2012-09-06 03:29 AM
Hi. I have a question about performance accessing a large number of small files on NetApp storage.
I'm considering the best way to store circa 3 million files, most of which will be just over 1k, that are accessed by virtual mahines. This will be a low-write high-read dataset. The VMs are on VMWare ESX datastores that are on NetApp storage and accessed over NFS. My alternatives are to either store all the small files in a VMDK (on a filesystem with 1k block size), or put them on a dedicated NetApp volume accessed directly by the VM over NFS.
With WAFL using 4k blocks, there will be some overhead on both storage size and read speed if accessed directly, but presumably there'll be the same overhead if they're in a VMDK. Are there any NetApp recommendations for how to best handle this type of dataset?

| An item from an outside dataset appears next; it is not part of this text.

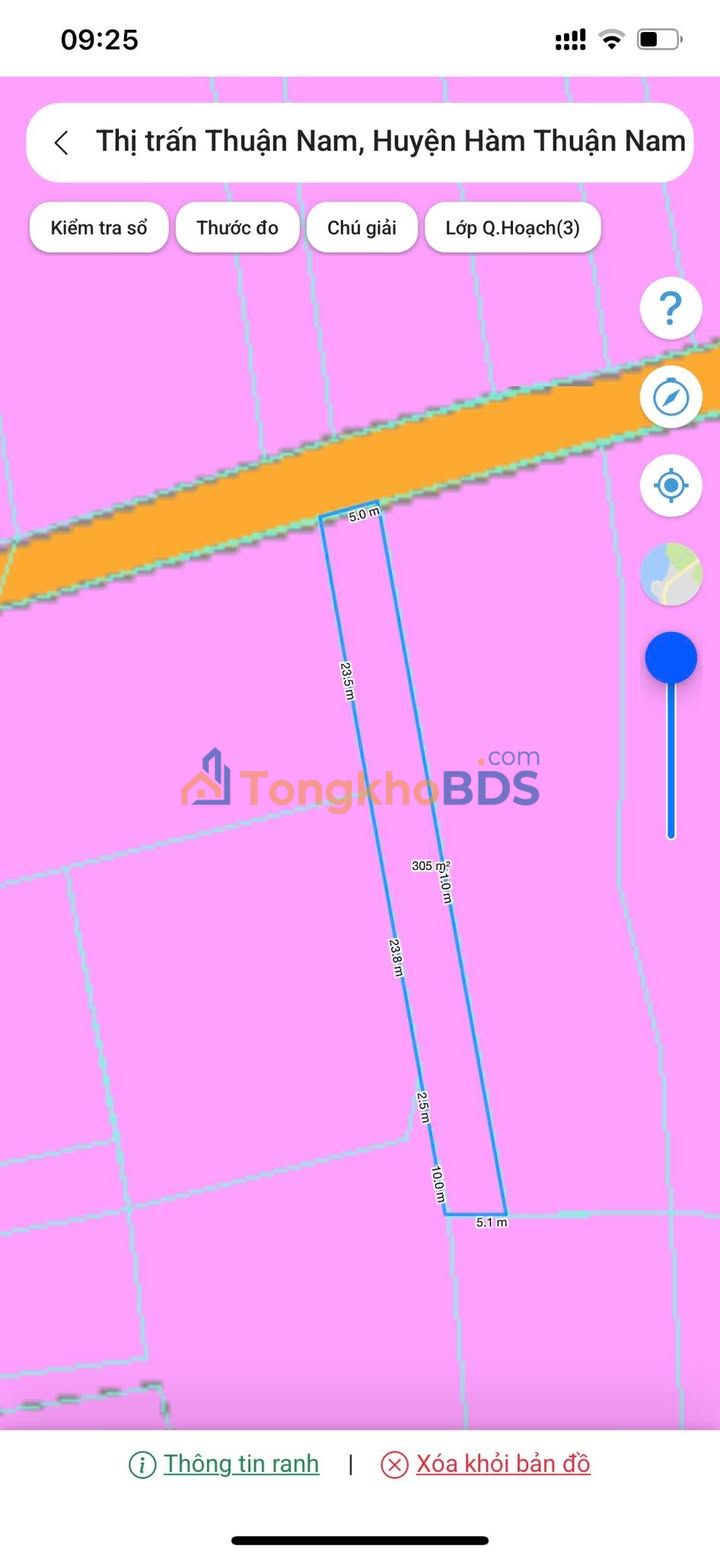 Đất nền Hàm Thuận Nam 303m² 550 triệu - Sổ đỏ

Thanks in advance for any advice ....
2012-09-06 06:17 AM
Hi, thanks for responding. The existing dataset is flat, but there is a natural split of the data into 10 "layers" (equally-sized, I'm told), so yes this could be reduced to e.g 10 x 300,000-files instead of 1 x 3 million files if I could justify it in performance terms.
2012-09-06 06:37 AM
Are humans accessing the files, or is a software program accessing them? It sounds like you have some discretion. If it is a program, you may want to have more than 10 files – you may want to have a matrix of directories (i.e directories AA through 00 = 1296 folders, so for 3million files , 2314 files per), if your program can look up the location in an index.

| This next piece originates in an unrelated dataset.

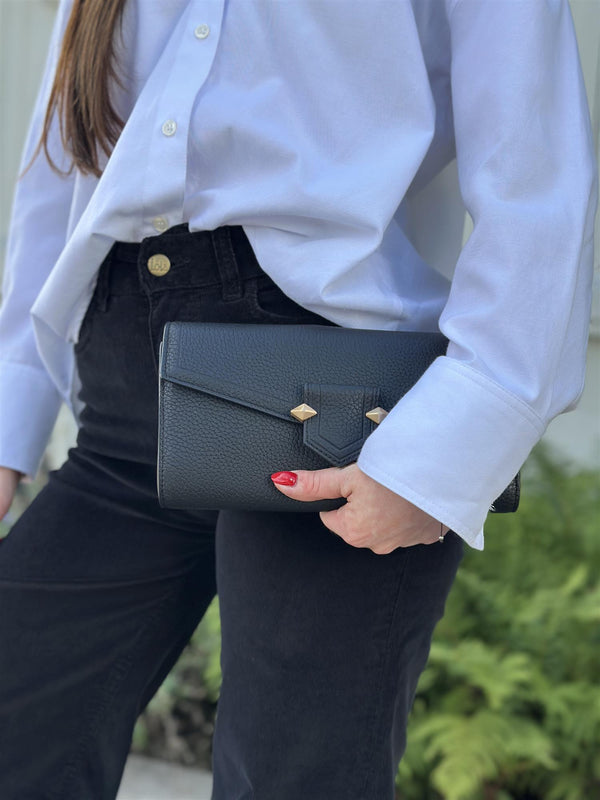 Sevres Clutch, Black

I am not a high file count expert – I just have some familiarity with the problem domain from previous lifetimes where NTFS was my file system.

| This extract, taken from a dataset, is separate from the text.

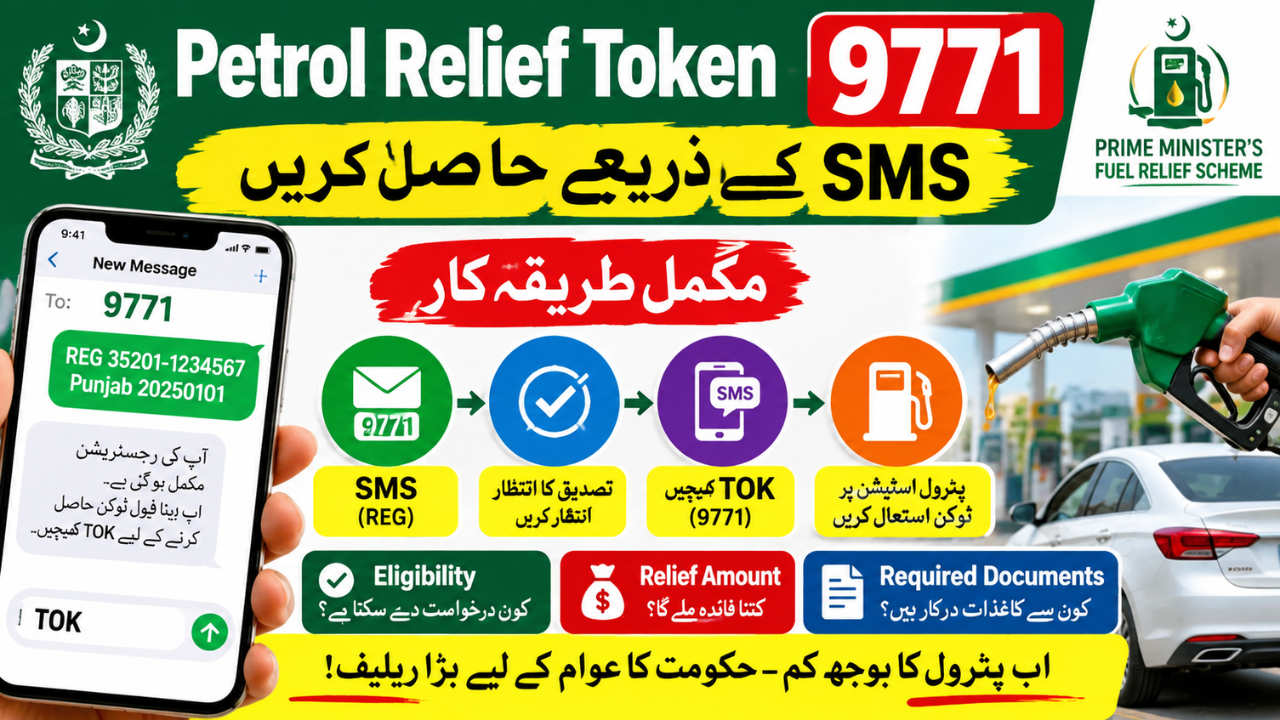 Petrol Relief Token via 9771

NetApp has a TR-3537 – Best Practices for High File Count environments , but it appears to be a NDA only document (not a committee I was on ;-) ). Your NetApp account team should be able to facilitate the steps to get you this document.
2012-09-06 07:26 AM
Thank you Matt, much appreciated. The files will exclusively be accessed by web servers, not humans. I may have some influence on the directory structure, but would prefer to kkep it simple from an application perspective.